Dataset records:
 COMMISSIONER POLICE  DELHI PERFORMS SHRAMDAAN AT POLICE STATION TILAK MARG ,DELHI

...

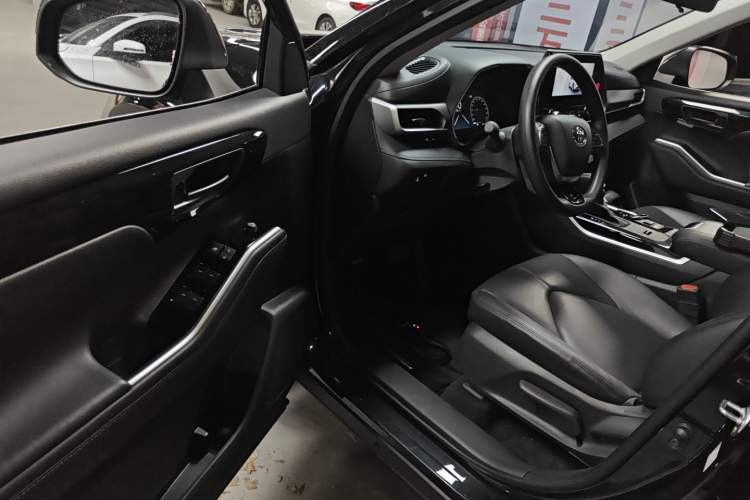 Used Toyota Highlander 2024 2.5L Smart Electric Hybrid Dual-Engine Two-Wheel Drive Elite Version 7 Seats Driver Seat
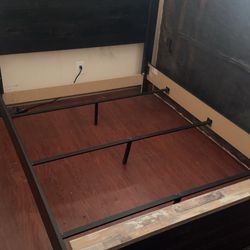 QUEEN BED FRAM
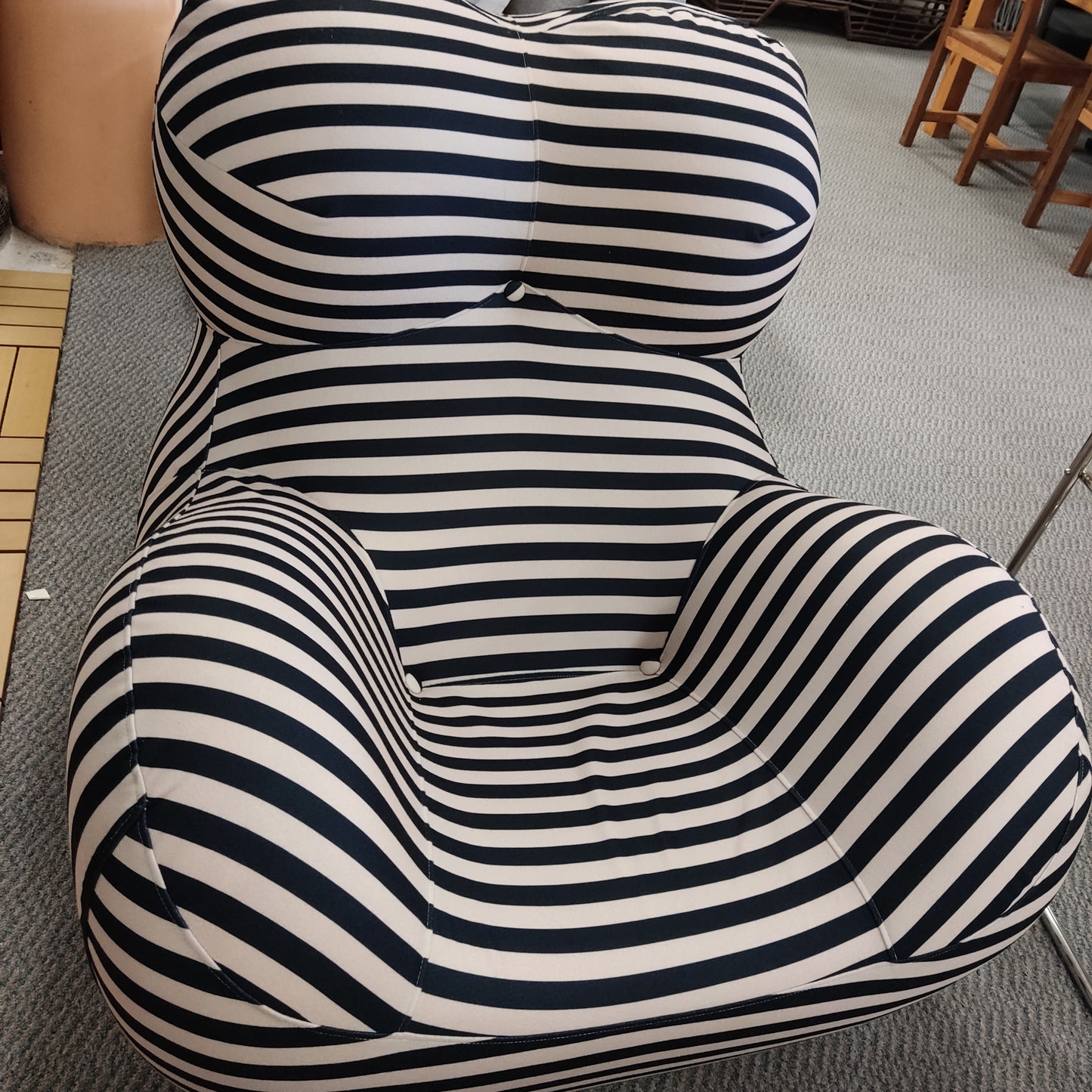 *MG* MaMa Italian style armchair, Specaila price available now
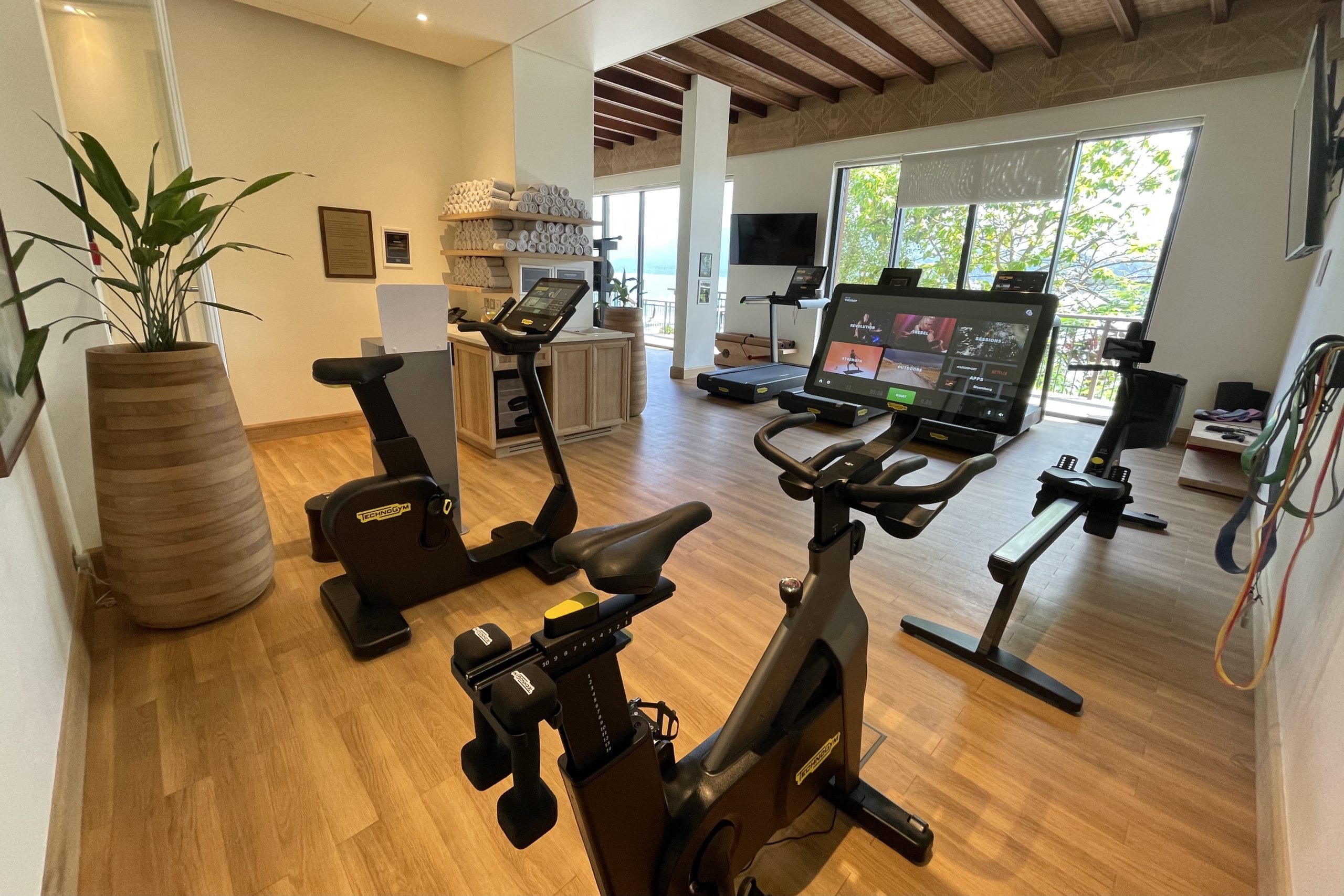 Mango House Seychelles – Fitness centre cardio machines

==

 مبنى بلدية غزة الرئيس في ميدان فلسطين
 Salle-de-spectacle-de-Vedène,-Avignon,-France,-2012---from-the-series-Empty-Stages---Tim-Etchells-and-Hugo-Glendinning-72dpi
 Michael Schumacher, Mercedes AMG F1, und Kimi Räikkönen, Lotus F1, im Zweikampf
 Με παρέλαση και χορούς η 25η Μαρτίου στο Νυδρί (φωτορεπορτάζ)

Task details:
Of the lines above, extract only those from the line with "Salle-de-spect" to the line with "Με παρέλαση και", both included, exactly as written.

Solution to this task:
 Salle-de-spectacle-de-Vedène,-Avignon,-France,-2012---from-the-series-Empty-Stages---Tim-Etchells-and-Hugo-Glendinning-72dpi
 Michael Schumacher, Mercedes AMG F1, und Kimi Räikkönen, Lotus F1, im Zweikampf
 Με παρέλαση και χορούς η 25η Μαρτίου στο Νυδρί (φωτορεπορτάζ)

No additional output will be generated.